◆ **Task prompt**:
Among the entries below, only the lines starting at the one with "Geantă de toaletă" and ending at the one with "fall medium haircuts", both included, are to be printed exactly.

◆ **Listed records**:
________________________

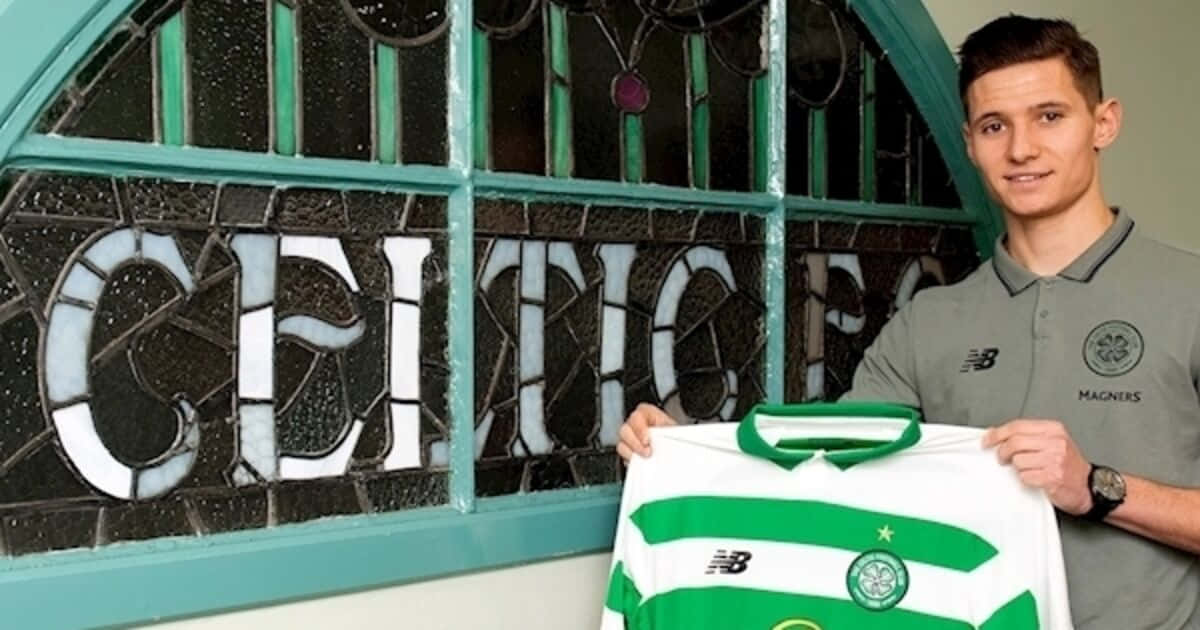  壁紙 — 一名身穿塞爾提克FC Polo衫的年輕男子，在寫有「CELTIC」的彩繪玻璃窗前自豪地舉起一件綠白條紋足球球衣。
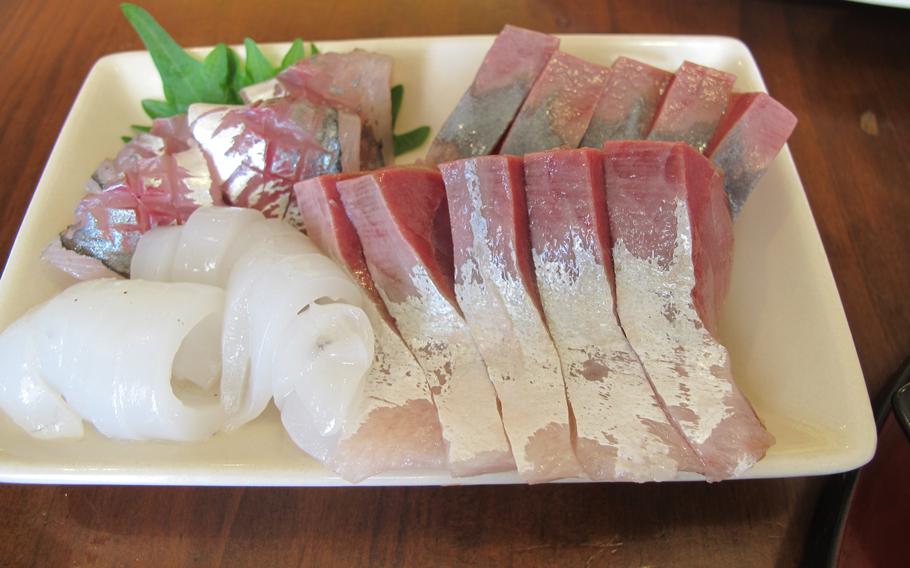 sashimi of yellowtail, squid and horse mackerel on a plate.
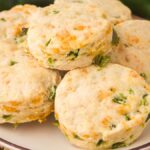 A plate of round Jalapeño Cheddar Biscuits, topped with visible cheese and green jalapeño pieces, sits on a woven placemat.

________________________

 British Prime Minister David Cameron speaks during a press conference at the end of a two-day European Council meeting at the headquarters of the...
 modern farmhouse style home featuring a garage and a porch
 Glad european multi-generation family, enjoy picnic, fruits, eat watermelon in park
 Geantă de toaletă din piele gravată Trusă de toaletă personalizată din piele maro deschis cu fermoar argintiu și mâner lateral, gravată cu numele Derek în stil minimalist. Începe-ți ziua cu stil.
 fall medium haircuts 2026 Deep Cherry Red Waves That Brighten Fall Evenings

________________________

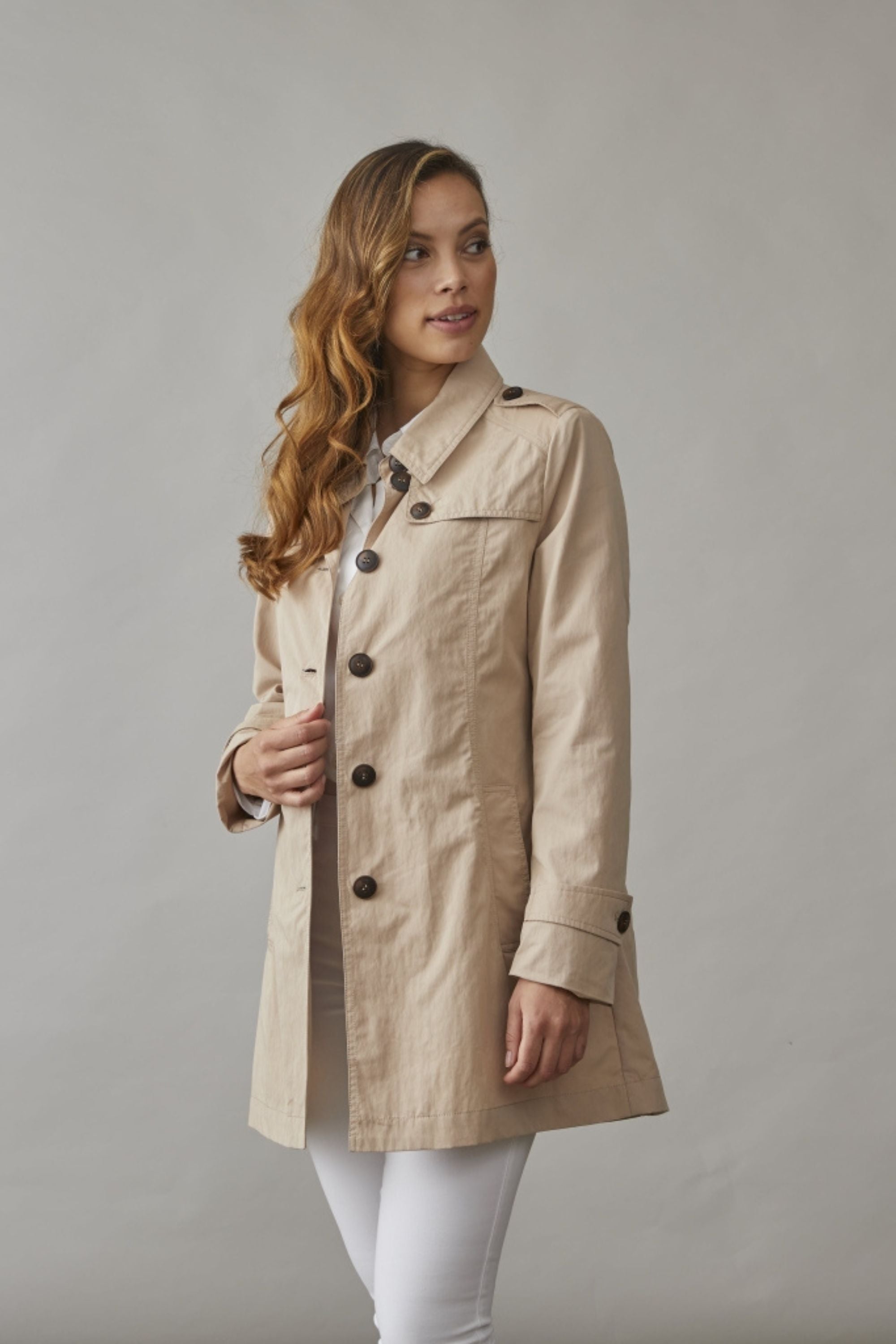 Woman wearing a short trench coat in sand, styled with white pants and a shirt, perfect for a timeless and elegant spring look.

________________________

◆ **Output for this task**:
 Geantă de toaletă din piele gravată Trusă de toaletă personalizată din piele maro deschis cu fermoar argintiu și mâner lateral, gravată cu numele Derek în stil minimalist. Începe-ți ziua cu stil.
 fall medium haircuts 2026 Deep Cherry Red Waves That Brighten Fall Evenings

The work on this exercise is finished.